About this task
Take the entries below and print only the lines from the one with "Bodrum'da Suriye ve" through the one with "TV o dispositivi", exactly as they stand, both ends included.

Supplied information
---*---
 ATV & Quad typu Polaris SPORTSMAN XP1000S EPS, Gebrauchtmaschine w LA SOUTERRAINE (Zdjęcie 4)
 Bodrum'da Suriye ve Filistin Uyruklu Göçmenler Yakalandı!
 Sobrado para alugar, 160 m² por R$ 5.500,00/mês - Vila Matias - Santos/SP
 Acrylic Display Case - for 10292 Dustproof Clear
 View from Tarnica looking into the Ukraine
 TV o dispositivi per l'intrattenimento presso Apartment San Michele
---*---
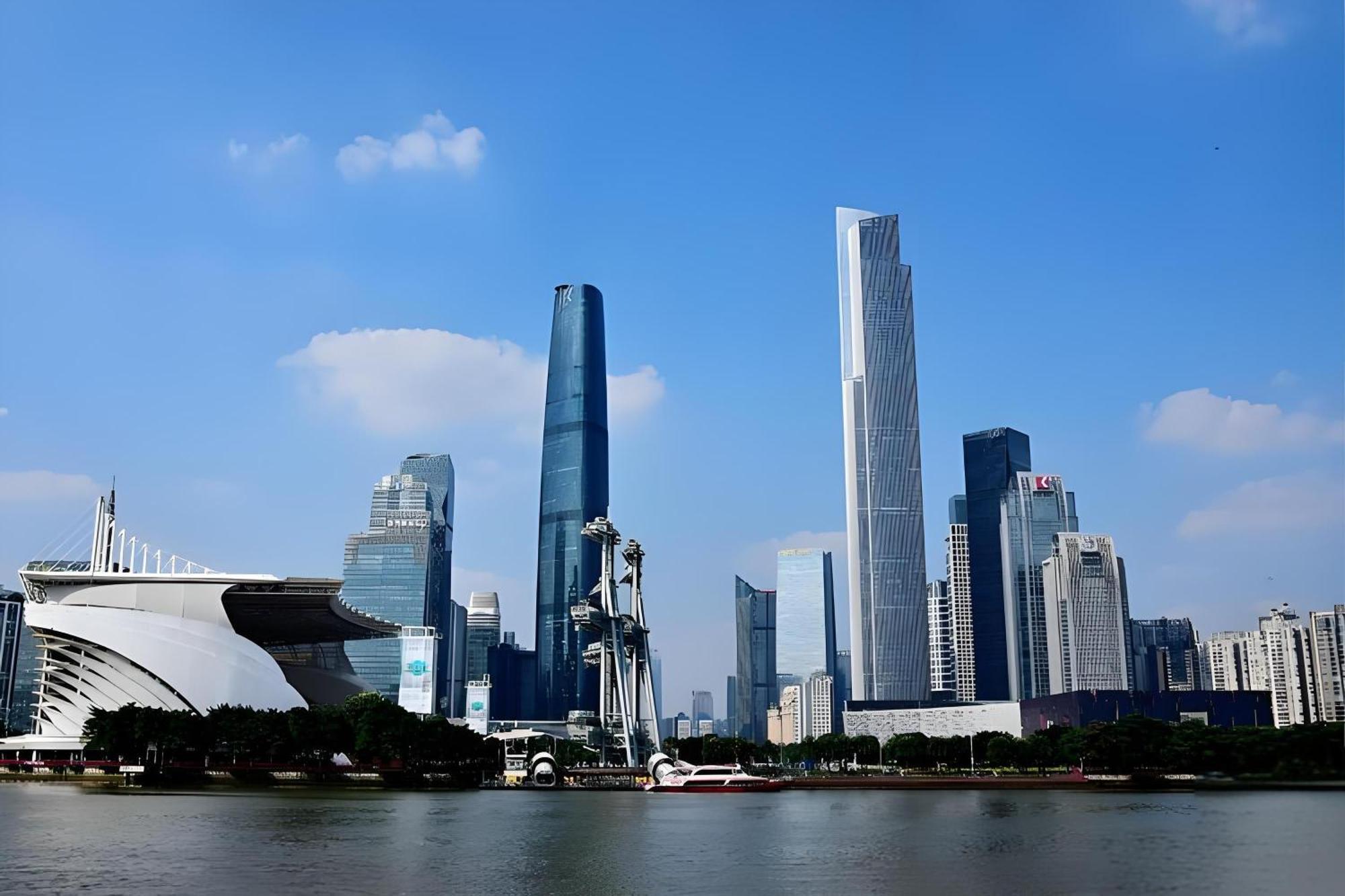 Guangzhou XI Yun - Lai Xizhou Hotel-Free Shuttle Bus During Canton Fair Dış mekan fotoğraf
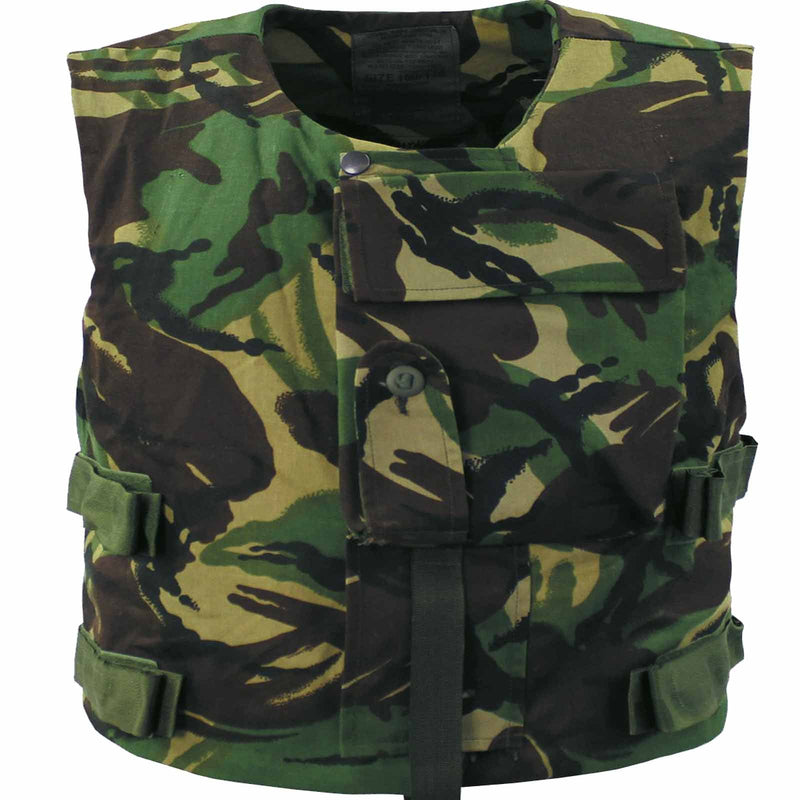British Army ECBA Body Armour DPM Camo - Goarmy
---*---
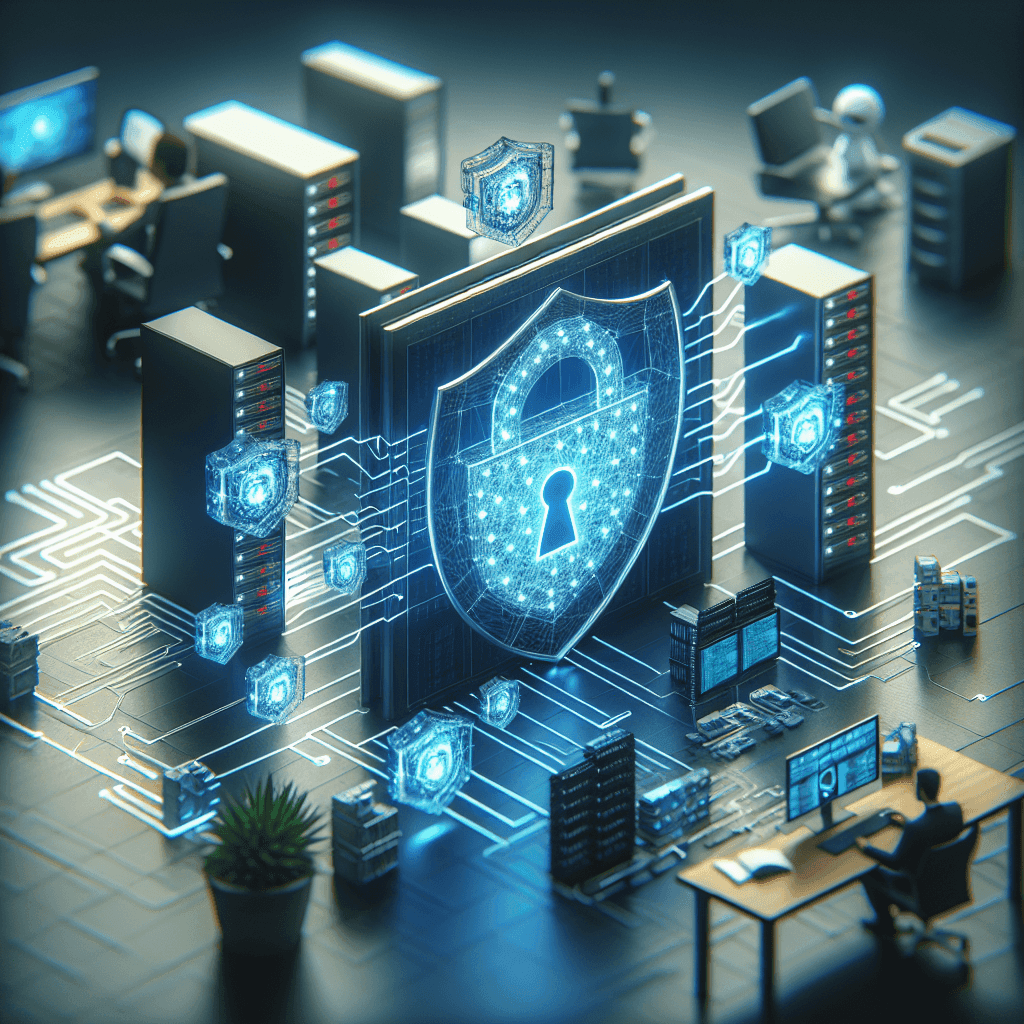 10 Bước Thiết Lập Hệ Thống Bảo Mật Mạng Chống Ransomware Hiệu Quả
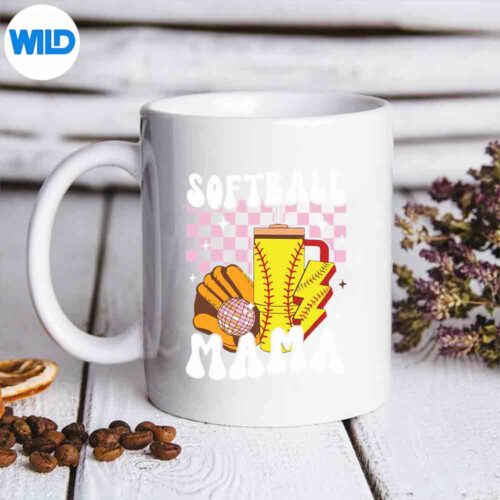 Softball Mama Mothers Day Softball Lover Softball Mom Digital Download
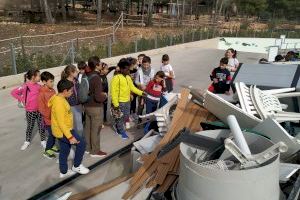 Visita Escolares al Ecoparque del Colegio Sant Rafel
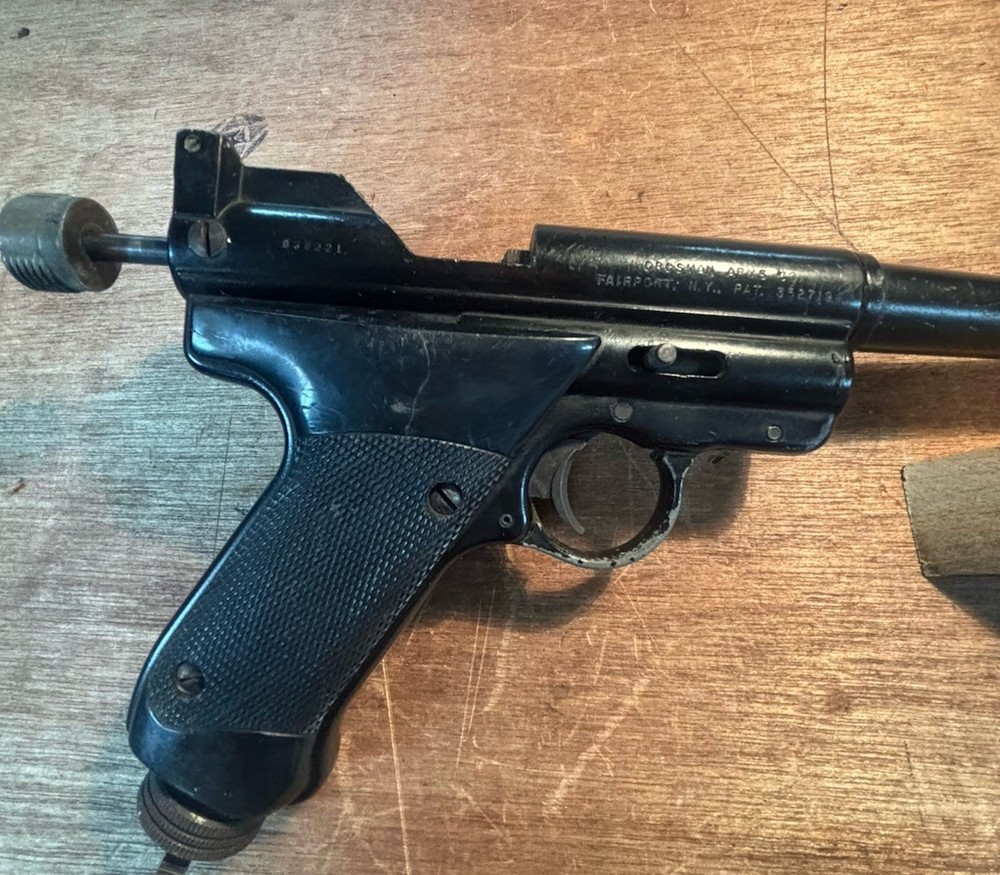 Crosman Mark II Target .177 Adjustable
---*---
Output below
 Bodrum'da Suriye ve Filistin Uyruklu Göçmenler Yakalandı!
 Sobrado para alugar, 160 m² por R$ 5.500,00/mês - Vila Matias - Santos/SP
 Acrylic Display Case - for 10292 Dustproof Clear
 View from Tarnica looking into the Ukraine
 TV o dispositivi per l'intrattenimento presso Apartment San Michele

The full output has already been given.